How to use transparency to grow your startup
It’s no surprise that customer-centric disruption has led to a new era of unprecedented transparency in business.
Thanks to flourishing startups and forward-thinking global players, the veil has been lifted in favour of a more empowered customer base - and it’s easy to see why.
Studies have proven that a more informed customer is a loyal customer; more information leads to trust which helps build a meaningful relationship with your customer. The results are clear, for our online retail clients, better transparency throughout the delivery process has led to decreases in customer complaints by up to 90% and increases in repeat purchases of around 1.3 times.
Transparency is a fundamental focus for Shippit. Anxiety about missing deliveries has significant potential to kill customer relationships for a growing online retailer. Whilst the larger players have embraced transparency in varying degrees, the challenge is not about simply sharing information, it’s about ensuring the information shared is meaningful and communicated in a way that drives action.

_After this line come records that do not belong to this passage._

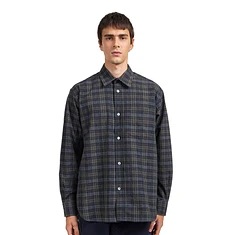 Norse Projects - Ole Oversized Wool Check Shirt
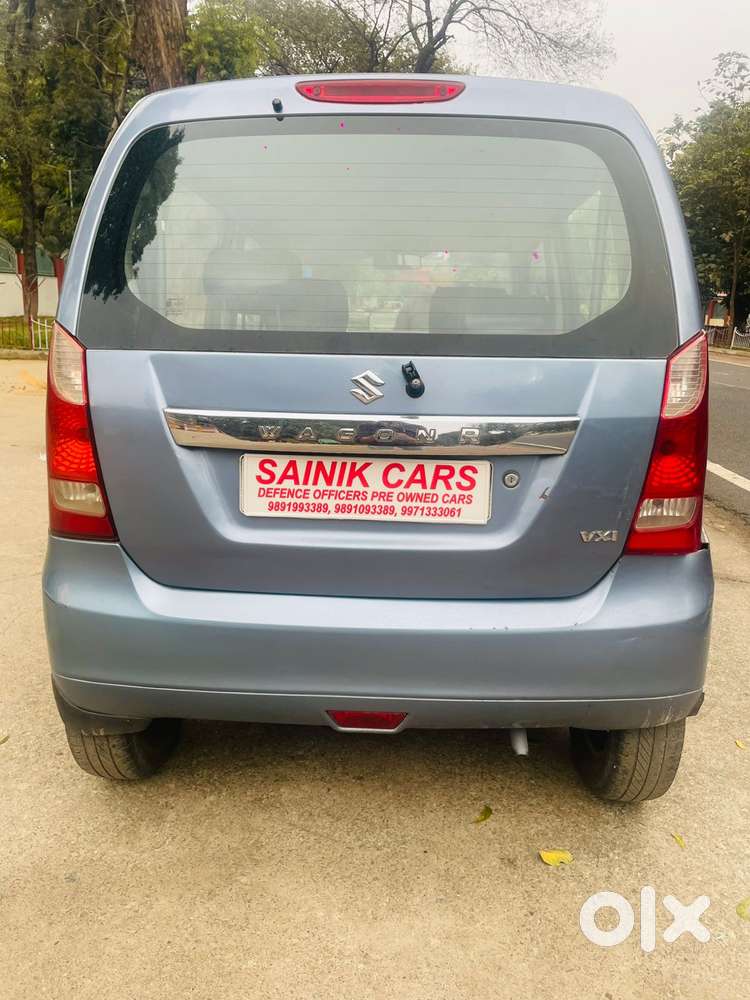 Maruti Suzuki Wagon R Vxi 1.2, 2012, Petrol
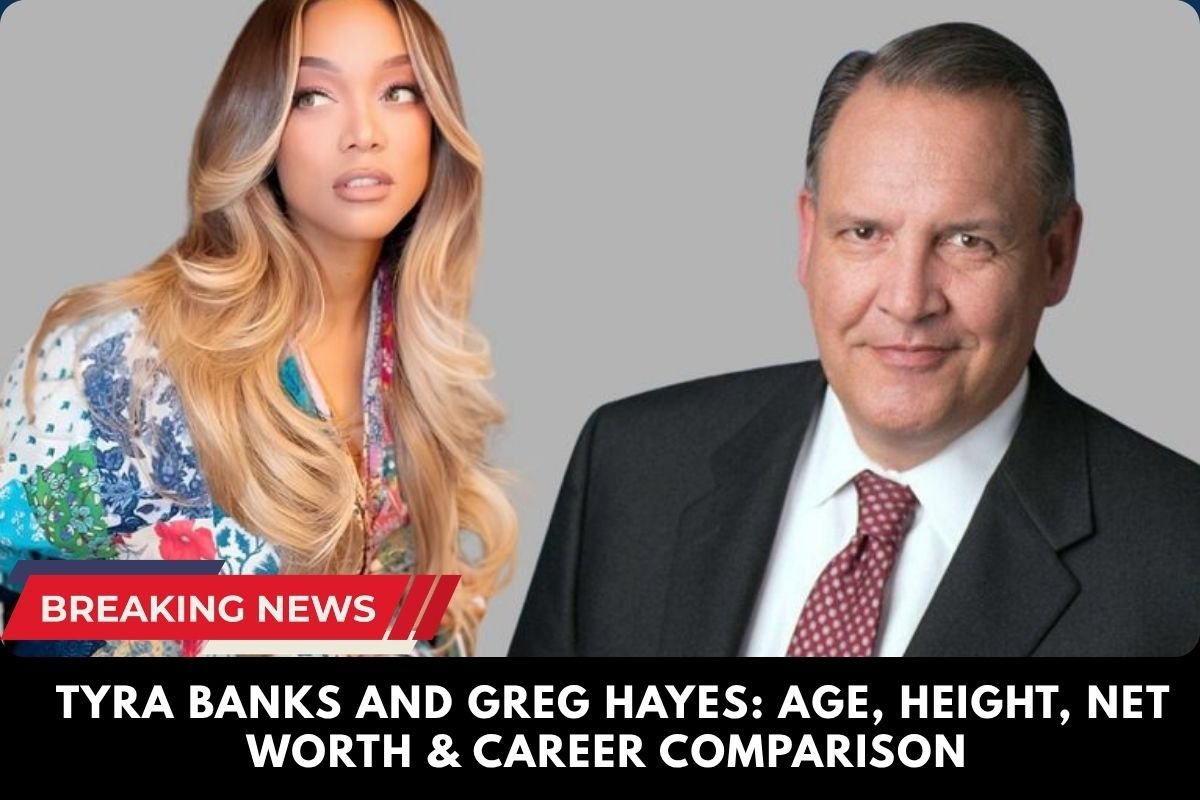 Read more about the article Tyra Banks and Greg Hayes: Age, Height, Net Worth & Career Comparison 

Here is what we have learned about transparency and how you can use it to help grow your sales and reduce operational overheads.
1. Determine what must be shared
To qualify whether or not to share information, you should answer ‘yes’ to the following questions:
- Can my customer act or prepare to act based on this information?
- Am I adding value or differentiating my brand by sharing this information with my customer?
Taking an example from the logistics industry, a parcel may move through several depots and data about this delivery can be exchanged between carriers and their IT systems. Whilst all of this data is tracked, this secondary information adds zero-value to the end-customer and is only helpful in assisting with issue resolution.
2. Consider the context
Making sure information is delivered in a meaningful context is just as important as determining what to share. You need to find the optimal balance of keeping your customer informed without pissing them off by bombarding them with information.
Consider the spectrum of communication channels available and their roles:
- Phone call – where information needs to be shared and returned immediately
- Text / App notification – best suited for immediate action. Use this sparingly.
- Email – better for non-urgent attention and more detailed info. Great for important events/info that customers need to keep on file.
- In-App / Web – best for non-urgent or time sensitive information. This gives your customer the power to access as much information as they want. Think historical timelines.
We have done a lot of research, testing and learning the right amount of information and the right channel fit. The best thing you can do is fail fast, iterate and improve.
3. Make transparency two-way
First there was Amazon, and then there was Uber – the kings of leveraging the power of user feedback. Feedback breeds just as much empowerment as transparency, so it’s important that we embrace its value. The days of the “no reply” email communications are well and truly over.
By refusing to give your customer an avenue to share their experience means you are giving them licence to share their negative experiences with friends or posting it all over your public facing social media pages.
If you decide to ask for feedback you have an even bigger responsibility to use it.
Robert Hango-Zada is the director of Sydney-based startup Shippit.